# Board Game Geek Data Scraper

The boardgame data are scraped from the BoardGameGeek XML 2.0 API. There is a limit on how many items per request can be fetched but no call limit in a given time. The scraper always requests 100 boardgames at once and stores them in a CSV.

The whole scraping takes about 1h.

In [3]:
import requests
import csv
import itertools
import time
import xml.etree.ElementTree as ET

import html
import uuid
from datetime import datetime

In [11]:
# variable from 1 to 43098 comma separated
numbers = ','.join(str(i) for i in range(1, 43099))

# Split numbers into chunks of n
def grouper(iterable, n):
    args = [iter(iterable)] * n
    return itertools.zip_longest(*args)

id_chunks = grouper(numbers.split(','), 100)

# Open CSV file for writing
with open('bgg_data.csv', mode='w', newline='', encoding='utf-8') as file:
    writer = csv.writer(file)
    writer.writerow(['Name', 'Image', 'Description', 'Min Players', 'Max Players', 'Year Published', 'Min Playtime', 'Max Playtime'])

    # Loop through each chunk of ids
    for chunk in id_chunks:
        # Remove any None values from the chunk
        chunk = [id for id in chunk if id is not None]

        # Join the ids back into a comma-separated string
        ids = ','.join(chunk)

        # Send GET request to API endpoint for the current chunk of ids
        response = requests.get(f'https://boardgamegeek.com/xmlapi2/thing?type=boardgame&id={ids}')

        # Parse response content
        root = ET.fromstring(response.content)

        # Loop through each item in the response and write the requested attributes to the CSV file
        for item in root.findall('item'):
            name = item.find('name[@type="primary"]').attrib['value'] if item.find('name[@type="primary"]') is not None else ''
            image = item.find('image').text if item.find('image') is not None else ''
            description = item.find('description').text if item.find('description') is not None else ''
            minplayers = item.find('minplayers').attrib['value'] if item.find('minplayers') is not None else ''
            maxplayers = item.find('maxplayers').attrib['value'] if item.find('maxplayers') is not None else ''
            yearpublished = item.find('yearpublished').attrib['value'] if item.find('yearpublished') is not None else ''
            minplaytime = item.find('minplaytime').attrib['value'] if item.find('minplaytime') is not None else ''
            maxplaytime = item.find('maxplaytime').attrib['value'] if item.find('maxplaytime') is not None else ''
            writer.writerow([name, image, description, minplayers, maxplayers, yearpublished, minplaytime, maxplaytime])



# SQL Insert Generator

After the CSV file is created, we can use the following Python script to generate SQL INSERT statements for each row in the CSV file.
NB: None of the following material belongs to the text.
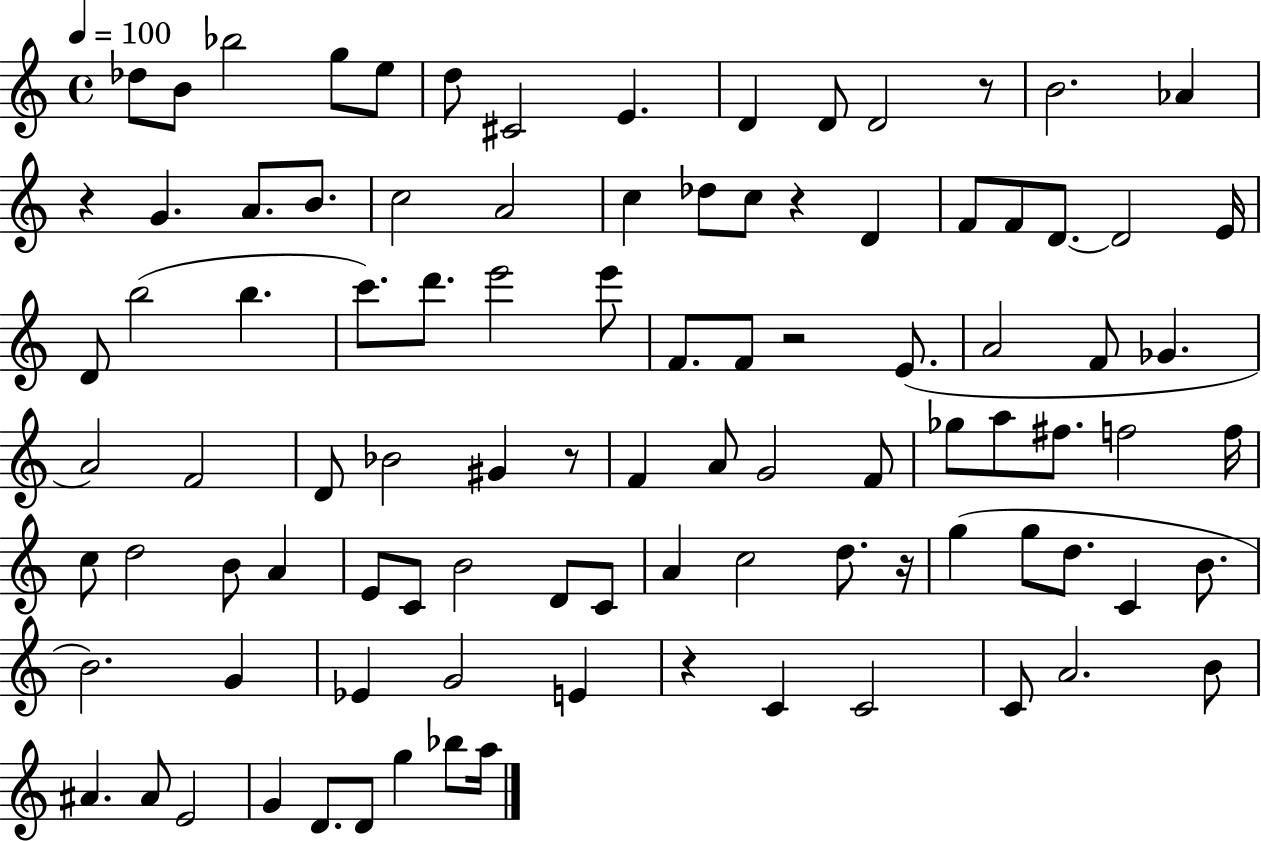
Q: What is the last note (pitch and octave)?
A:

AS there is a limit on flyway migration script size, we spilt these up into 10000 insert statements per script.

In [4]:

# Read the data from the CSV file
with open('bgg_data.csv', mode='r', encoding='utf-8') as file:
    reader = csv.reader(file)
    next(reader)  # Skip the header row

    # Open SQL file for writing
    with open('insert_data.sql', mode='w', encoding='utf-8') as sql_file:
        # Loop through each row in the CSV file
        for row in reader:
            # Generate UUID based on the name
            name = row[0]
            id = str(uuid.uuid5(uuid.NAMESPACE_DNS, name))

            # Generate current timestamp for date_created and last_updated fields
            current_time = datetime.now().strftime('%Y-%m-%d %H:%M:%S')
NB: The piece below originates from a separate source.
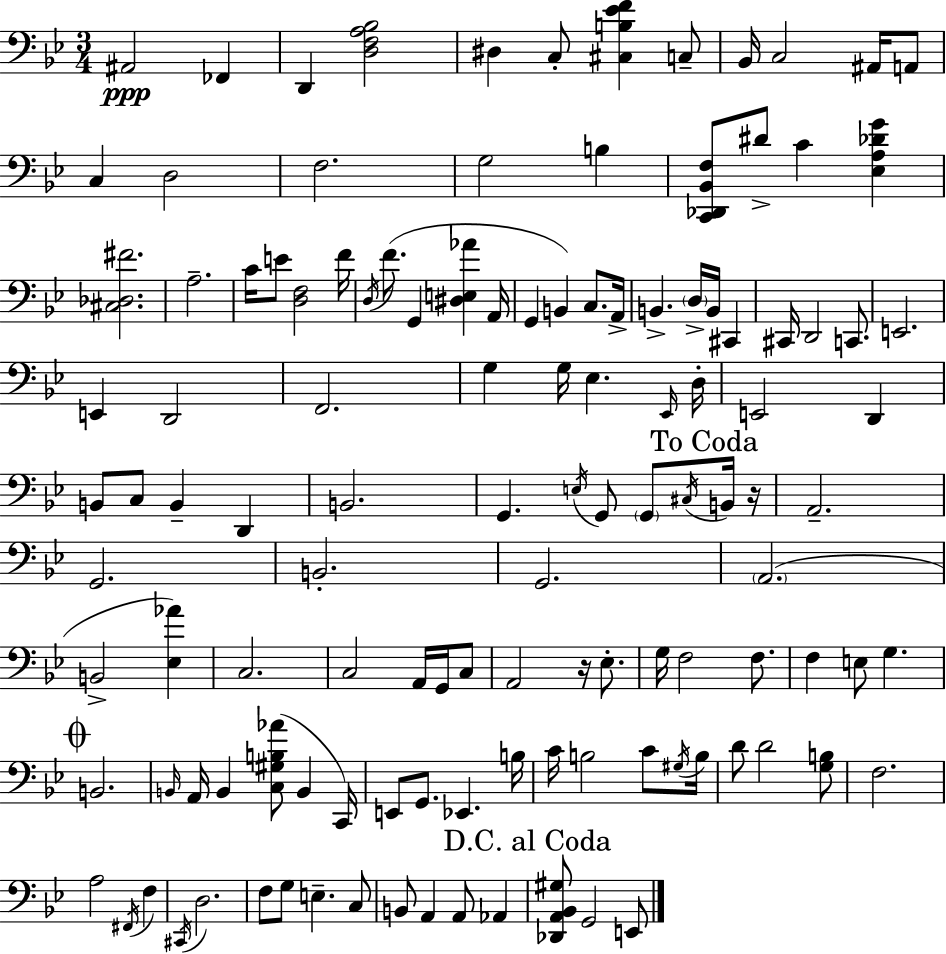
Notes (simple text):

A#2/h FES2/q D2/q [D3,F3,A3,Bb3]/h D#3/q C3/e [C#3,B3,Eb4,F4]/q C3/e Bb2/s C3/h A#2/s A2/e C3/q D3/h F3/h. G3/h B3/q [C2,Db2,Bb2,F3]/e D#4/e C4/q [Eb3,A3,Db4,G4]/q [C#3,Db3,F#4]/h. A3/h. C4/s E4/e [D3,F3]/h F4/s D3/s F4/e. G2/q [D#3,E3,Ab4]/q A2/s G2/q B2/q C3/e. A2/s B2/q. D3/s B2/s C#2/q C#2/s D2/h C2/e. E2/h. E2/q D2/h F2/h. G3/q G3/s Eb3/q. Eb2/s D3/s E2/h D2/q B2/e C3/e B2/q D2/q B2/h. G2/q. E3/s G2/e G2/e C#3/s B2/s R/s A2/h. G2/h. B2/h. G2/h. A2/h. B2/h [Eb3,Ab4]/q C3/h. C3/h A2/s G2/s C3/e A2/h R/s Eb3/e. G3/s F3/h F3/e. F3/q E3/e G3/q. B2/h. B2/s A2/s B2/q [C3,G#3,B3,Ab4]/e B2/q C2/s E2/e G2/e. Eb2/q. B3/s C4/s B3/h C4/e G#3/s B3/s D4/e D4/h [G3,B3]/e F3/h. A3/h F#2/s F3/q C#2/s D3/h. F3/e G3/e E3/q. C3/e B2/e A2/q A2/e Ab2/q [Db2,A2,Bb2,G#3]/e G2/h E2/e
            # Extract the values from the row
            name, image, description, minplayers, maxplayers, *_ = row  # Use * to capture additional values

            # Translate special values in name
            name = html.unescape(name)

            # Write the insert statement to the SQL file
            sql_file.write(f"INSERT INTO games (id, name, description, min_player, max_player, image_url, date_created, last_updated) VALUES ('{id}', '{name}', $${description}$$, {minplayers}, {maxplayers}, '{image}', '{current_time}', '{current_time}');\n")